At a time Test cricket has failed to garner any audience outside England and Australia - Windies went back to their model of 2016 and dished out a boring wicket for the first Test. The flattened out condition, even on the fourth day, was the last thing a Test match wanted as the teams were playing to blunt out deliveries, which even forced Virat Kohli to sledge, “Why don't you move the game along? You are playing at home. Not in India.”
However, the condition could be easily attributed to what happened in February against England. The stadium received one demerit point after being deemed to be "below average" by ICC and that must have propelled the Windies curators to go defensive. Nothing else stands with the logic as India have better players in all three departments, and a flat deck was not going to help Windies’ cause in any way too. Therein lies a lesson for the curators to prepare a better deck for the Test matches, and at the same time, the teams need to move away from the cocoon to make the game more interesting.
Bumrah and the ability to stay within the line
Much of Jasprit Bumrah’s success was based on the simple formula of exploiting his terrific speed by bowling in an aggressive manner on a full-length. By pushing his length right up, he targets the stumps and as a result, he gets benefited from his pace and movement. While length is something that comes naturally to him, he at times loses control over his line which was shown in the first innings of this Test.
However, what he pulled off today was nothing less than extraordinary against a batting line up that had more mental battle to do than attrition in Test cricket against the very best. When India took the new ball, Bumrah was on point when it came to controlling the swing and dictating the course of the game. There too, with India having an off-side dominated field and in all honesty, Windies batsmen seeming all over the place in their defense, Bumrah just had a day to remember at the Sir Vivian Richards Ground in Antigua.
Understanding the wicket didn’t have anything for him, he focused on bringing his ODI modus operandi to the fore and when he unleashed those inswingers to the right-handers, it became so difficult for the batsman to know whether to play or leave and with the game progressed he increased the number of incoming deliveries, forcing the batsmen to throw bat around. 15/5 happened soon enough and Windies just gifted 60 Championship points to India.
Shai Hope - excellent in ODIs but does he fit into the Test team?
Shai Hope is probably the most complete ODI batsman in the Windies side and the way he constructs an innings is quite anti-Caribbean as well - a throwback to the 90s cricket but his average of 48 runs is often thrown into the discussion. Another problem that has encrypted into Hope’s repertoire is inconsistency which, along with killing his instinct in ODIs, is sending wrong vibes in the Test format as well.
After he had one hell of a year in 2017, where his twin centuries at Headingley brought a historic win for the Windies, Hope has been ordinary in red-ball cricket, with only two fifty-plus scores to his name in the last two years.
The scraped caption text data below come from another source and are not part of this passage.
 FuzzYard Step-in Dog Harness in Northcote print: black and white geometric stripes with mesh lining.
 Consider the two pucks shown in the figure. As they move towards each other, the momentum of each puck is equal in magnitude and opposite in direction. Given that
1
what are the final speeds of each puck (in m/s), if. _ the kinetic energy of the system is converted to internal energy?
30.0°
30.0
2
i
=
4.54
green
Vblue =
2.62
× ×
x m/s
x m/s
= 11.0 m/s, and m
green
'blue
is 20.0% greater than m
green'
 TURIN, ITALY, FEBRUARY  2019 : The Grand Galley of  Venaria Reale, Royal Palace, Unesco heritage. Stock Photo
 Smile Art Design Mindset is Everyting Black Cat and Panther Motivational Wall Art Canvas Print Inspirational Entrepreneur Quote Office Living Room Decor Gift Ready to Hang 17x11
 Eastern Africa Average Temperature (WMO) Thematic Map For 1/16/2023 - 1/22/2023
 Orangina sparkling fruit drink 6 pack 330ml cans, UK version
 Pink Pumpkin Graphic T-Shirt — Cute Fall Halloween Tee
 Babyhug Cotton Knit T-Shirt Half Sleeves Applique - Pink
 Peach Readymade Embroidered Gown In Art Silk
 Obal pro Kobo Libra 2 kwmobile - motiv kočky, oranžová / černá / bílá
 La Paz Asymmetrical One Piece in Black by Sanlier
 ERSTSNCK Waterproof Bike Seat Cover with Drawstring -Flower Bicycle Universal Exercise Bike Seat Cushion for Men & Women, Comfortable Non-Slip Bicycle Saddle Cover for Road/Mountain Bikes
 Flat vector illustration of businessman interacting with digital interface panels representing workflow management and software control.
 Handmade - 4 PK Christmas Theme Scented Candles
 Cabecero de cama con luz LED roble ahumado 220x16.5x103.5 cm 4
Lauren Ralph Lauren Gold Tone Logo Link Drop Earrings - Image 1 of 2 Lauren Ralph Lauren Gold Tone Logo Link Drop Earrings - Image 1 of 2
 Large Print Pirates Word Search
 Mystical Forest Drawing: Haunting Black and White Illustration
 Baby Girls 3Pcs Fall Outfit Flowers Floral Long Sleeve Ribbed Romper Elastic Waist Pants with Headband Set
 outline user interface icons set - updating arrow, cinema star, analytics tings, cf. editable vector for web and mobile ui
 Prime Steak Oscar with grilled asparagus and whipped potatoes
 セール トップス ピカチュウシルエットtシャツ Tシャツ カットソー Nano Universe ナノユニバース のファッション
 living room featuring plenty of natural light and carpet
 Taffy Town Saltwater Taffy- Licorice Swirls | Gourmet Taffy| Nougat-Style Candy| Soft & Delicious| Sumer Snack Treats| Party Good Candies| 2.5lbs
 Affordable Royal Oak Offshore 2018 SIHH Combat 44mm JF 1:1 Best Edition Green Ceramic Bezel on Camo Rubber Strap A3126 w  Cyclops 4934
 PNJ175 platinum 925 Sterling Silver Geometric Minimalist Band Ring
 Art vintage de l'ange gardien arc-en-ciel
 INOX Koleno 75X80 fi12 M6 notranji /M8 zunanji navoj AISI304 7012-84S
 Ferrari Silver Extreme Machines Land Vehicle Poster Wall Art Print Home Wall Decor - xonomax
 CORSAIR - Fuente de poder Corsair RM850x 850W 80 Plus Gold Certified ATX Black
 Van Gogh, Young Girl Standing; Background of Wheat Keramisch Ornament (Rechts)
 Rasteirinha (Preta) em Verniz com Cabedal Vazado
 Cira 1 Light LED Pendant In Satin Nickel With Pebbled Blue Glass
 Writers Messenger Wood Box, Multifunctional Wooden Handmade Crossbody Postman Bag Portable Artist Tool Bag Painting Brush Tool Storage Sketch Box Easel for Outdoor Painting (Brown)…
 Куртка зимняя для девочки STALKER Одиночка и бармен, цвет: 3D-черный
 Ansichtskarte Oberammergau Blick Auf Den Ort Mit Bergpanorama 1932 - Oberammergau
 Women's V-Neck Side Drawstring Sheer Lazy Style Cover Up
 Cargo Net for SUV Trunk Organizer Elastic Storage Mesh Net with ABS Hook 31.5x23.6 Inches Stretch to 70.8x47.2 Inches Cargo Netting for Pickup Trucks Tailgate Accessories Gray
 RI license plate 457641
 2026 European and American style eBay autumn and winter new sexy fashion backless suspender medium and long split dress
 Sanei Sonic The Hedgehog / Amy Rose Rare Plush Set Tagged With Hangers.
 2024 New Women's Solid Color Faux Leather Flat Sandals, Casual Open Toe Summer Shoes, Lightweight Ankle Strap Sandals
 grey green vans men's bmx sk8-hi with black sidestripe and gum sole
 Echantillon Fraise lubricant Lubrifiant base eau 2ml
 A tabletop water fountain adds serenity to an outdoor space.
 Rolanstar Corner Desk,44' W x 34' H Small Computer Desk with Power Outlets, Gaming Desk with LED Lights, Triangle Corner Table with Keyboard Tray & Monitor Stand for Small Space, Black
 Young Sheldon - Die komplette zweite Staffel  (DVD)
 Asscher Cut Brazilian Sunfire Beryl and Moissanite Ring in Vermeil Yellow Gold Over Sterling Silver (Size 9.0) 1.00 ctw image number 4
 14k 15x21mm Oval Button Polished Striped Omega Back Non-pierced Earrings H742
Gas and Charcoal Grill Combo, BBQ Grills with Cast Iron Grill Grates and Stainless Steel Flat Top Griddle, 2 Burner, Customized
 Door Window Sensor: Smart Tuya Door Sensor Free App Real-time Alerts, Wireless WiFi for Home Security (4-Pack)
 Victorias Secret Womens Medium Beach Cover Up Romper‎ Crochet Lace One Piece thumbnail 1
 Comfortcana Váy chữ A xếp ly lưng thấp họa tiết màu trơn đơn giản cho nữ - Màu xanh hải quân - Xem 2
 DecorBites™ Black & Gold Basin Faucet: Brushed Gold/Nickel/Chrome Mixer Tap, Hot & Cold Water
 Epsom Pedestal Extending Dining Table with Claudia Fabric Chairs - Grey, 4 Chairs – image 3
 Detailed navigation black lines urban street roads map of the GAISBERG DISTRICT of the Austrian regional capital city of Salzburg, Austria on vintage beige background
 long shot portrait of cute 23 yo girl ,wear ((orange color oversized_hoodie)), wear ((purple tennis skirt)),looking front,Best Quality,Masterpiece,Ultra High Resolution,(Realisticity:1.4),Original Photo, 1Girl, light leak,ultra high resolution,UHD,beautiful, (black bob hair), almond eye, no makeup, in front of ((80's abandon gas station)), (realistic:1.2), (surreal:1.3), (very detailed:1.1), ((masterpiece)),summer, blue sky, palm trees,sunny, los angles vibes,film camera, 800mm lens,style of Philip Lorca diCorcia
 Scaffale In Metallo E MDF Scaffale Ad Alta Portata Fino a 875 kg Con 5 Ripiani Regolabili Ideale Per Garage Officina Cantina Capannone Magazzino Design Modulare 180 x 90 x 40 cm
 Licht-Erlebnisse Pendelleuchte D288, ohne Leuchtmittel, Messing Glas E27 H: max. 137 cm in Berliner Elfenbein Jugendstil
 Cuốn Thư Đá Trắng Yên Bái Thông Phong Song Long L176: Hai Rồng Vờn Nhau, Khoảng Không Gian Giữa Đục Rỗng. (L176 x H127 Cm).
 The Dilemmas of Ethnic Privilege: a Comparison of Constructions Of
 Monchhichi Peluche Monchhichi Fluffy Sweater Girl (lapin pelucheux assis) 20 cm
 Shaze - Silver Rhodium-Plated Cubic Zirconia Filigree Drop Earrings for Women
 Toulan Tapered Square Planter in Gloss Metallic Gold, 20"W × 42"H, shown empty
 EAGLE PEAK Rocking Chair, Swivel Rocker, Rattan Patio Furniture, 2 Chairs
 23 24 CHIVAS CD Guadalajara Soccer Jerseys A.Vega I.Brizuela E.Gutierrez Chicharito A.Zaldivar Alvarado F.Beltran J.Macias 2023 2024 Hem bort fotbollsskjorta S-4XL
After Windies decided to leave out Shane Dowrich, he has moved down the order and while that, in theory, should have helped the cause because of his affinity to score freely against the spinners, he has failed spectacularly.
Kraigg Brathwaite is now a veteran of 57 Tests, Shamarh Brooks has played 73 first-class matches, but Windies still bank on him to spearhead the middle-order. However, pretty much like Rahane - of course, ahead of the series - he has failed to take the encumbrance on his shoulder and that, in turn, has made him a waste in simple terms.